Contractor's profit dips in first half of year
Social housing contractor Lovell has reported a dip in both profit and turnover during the first six months of 2012.
In a half-yearly report from parent company Morgan Sindall, Lovell has revealed a decrease in its operating profit from £8.3 million in the six months to June 2011 to £7.5 million at the same point this year. Turnover fell by more than 10 per cent from £228 million to £202 million.
Lovell’s forward order book stood at £1.4 billion, down from £1.5 billion last year.
Last year saw Lovell boost both its profit and turnover after it took over 70 contracts from stricken repairs and maintenance contractor Connaught. It increased annual turnover by nearly a fifth from £387 million to £427 million, helping it to turn a profit of £18.6 million, up from £16.1 million in 2010.

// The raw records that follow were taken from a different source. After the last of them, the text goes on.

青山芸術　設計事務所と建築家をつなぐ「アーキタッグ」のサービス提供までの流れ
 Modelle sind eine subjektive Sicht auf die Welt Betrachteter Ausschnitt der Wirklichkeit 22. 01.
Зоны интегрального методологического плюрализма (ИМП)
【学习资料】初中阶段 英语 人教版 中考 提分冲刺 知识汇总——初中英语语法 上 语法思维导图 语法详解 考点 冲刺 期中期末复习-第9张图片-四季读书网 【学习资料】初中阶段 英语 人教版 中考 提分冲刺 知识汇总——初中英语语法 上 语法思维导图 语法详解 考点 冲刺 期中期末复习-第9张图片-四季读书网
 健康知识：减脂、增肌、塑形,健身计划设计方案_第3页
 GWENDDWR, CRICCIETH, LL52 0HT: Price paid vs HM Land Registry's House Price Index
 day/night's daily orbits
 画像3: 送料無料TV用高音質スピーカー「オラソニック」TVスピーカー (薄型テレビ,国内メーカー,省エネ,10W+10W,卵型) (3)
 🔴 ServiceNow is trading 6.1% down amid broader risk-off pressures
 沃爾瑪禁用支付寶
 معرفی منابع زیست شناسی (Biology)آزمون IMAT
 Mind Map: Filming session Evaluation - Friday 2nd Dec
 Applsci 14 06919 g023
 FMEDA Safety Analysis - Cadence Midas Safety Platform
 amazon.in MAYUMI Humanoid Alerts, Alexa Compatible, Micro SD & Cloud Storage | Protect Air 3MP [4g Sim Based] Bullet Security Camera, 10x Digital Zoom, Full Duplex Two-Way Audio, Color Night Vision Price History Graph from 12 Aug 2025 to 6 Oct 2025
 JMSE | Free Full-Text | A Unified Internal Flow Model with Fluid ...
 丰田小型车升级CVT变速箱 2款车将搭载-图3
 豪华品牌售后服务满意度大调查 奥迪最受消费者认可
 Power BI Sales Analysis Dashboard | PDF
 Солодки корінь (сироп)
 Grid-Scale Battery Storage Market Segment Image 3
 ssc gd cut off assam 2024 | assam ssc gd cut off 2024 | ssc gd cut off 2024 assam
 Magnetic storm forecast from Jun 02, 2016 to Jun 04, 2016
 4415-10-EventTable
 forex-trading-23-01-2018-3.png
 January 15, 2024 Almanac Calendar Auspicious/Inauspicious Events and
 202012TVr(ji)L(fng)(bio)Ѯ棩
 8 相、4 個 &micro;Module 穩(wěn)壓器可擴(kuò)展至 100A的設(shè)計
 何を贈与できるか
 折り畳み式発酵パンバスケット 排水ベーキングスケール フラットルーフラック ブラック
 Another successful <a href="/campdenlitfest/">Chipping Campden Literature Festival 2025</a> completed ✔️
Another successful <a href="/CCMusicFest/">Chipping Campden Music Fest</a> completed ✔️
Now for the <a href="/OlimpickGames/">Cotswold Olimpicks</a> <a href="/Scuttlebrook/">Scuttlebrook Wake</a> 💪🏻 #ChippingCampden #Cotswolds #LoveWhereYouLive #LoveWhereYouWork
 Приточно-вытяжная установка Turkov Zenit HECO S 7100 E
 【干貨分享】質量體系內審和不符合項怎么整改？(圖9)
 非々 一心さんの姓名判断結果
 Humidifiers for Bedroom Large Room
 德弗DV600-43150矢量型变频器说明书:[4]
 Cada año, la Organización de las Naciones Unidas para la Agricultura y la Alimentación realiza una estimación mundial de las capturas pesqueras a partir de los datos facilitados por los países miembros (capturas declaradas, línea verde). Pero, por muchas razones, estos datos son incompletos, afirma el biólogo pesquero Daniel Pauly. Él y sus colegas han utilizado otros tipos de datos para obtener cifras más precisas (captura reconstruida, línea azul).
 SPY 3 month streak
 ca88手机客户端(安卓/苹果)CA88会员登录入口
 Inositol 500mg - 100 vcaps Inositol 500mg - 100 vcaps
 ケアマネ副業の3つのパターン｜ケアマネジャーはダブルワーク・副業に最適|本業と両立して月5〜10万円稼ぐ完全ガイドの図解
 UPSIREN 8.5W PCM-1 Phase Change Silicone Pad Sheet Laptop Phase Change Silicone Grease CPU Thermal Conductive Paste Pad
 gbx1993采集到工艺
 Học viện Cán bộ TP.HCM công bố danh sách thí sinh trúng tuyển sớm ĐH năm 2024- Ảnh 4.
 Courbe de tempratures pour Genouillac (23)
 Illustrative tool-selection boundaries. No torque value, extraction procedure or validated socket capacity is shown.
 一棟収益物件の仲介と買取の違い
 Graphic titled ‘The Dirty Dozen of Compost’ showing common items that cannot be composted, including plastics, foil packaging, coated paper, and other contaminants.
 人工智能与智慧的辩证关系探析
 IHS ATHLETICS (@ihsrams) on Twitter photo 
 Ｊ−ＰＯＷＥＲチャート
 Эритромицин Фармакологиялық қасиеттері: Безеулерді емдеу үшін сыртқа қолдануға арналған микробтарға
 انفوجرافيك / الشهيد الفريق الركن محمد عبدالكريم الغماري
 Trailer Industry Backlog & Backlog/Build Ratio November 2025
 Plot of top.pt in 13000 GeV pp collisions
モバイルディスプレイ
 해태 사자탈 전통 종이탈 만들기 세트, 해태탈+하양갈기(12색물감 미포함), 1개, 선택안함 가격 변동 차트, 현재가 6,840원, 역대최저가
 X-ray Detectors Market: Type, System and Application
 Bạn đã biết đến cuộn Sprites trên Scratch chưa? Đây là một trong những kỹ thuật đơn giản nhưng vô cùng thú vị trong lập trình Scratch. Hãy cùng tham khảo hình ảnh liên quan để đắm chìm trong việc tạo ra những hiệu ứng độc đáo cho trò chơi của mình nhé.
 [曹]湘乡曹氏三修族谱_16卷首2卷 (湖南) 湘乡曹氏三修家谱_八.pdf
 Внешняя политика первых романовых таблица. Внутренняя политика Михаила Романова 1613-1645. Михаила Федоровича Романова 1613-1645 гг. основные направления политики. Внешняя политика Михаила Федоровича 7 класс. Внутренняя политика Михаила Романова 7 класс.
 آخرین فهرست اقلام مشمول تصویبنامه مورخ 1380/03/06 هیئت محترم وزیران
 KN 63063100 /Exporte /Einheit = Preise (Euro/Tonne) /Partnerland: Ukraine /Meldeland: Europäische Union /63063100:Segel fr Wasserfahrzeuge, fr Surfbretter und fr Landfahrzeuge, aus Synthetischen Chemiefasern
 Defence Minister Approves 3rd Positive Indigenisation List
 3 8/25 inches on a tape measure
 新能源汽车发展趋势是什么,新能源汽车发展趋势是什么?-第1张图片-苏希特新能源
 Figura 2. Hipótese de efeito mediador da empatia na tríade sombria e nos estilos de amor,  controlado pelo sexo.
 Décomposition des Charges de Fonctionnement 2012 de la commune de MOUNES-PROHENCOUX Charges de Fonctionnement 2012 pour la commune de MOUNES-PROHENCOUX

Overall, Morgan Sindall posted an 8 per cent fall in its half-yearly revenue, turning over £1 billion in the half year, down from £1.087 billion last year. Profit was up 4 per cent from £19.5 million to £20.3 million.
John Morgan, executive chairman of Morgan Sindall, said: ‘We have delivered a solid performance over the first half of 2012 and we are on track to meet our expectations for the full financial year. Despite the challenging economic environment, we are encouraged by the continuing opportunities in growth infrastructure sectors and we remain committed to investing in our regeneration business to drive growth over the medium to long term.
‘Whilst we expect market conditions to remain challenging in the short term, we believe our strong track record of successful delivery and our ability to provide our customers with creative, integrated solutions leaves us well positioned for the future.’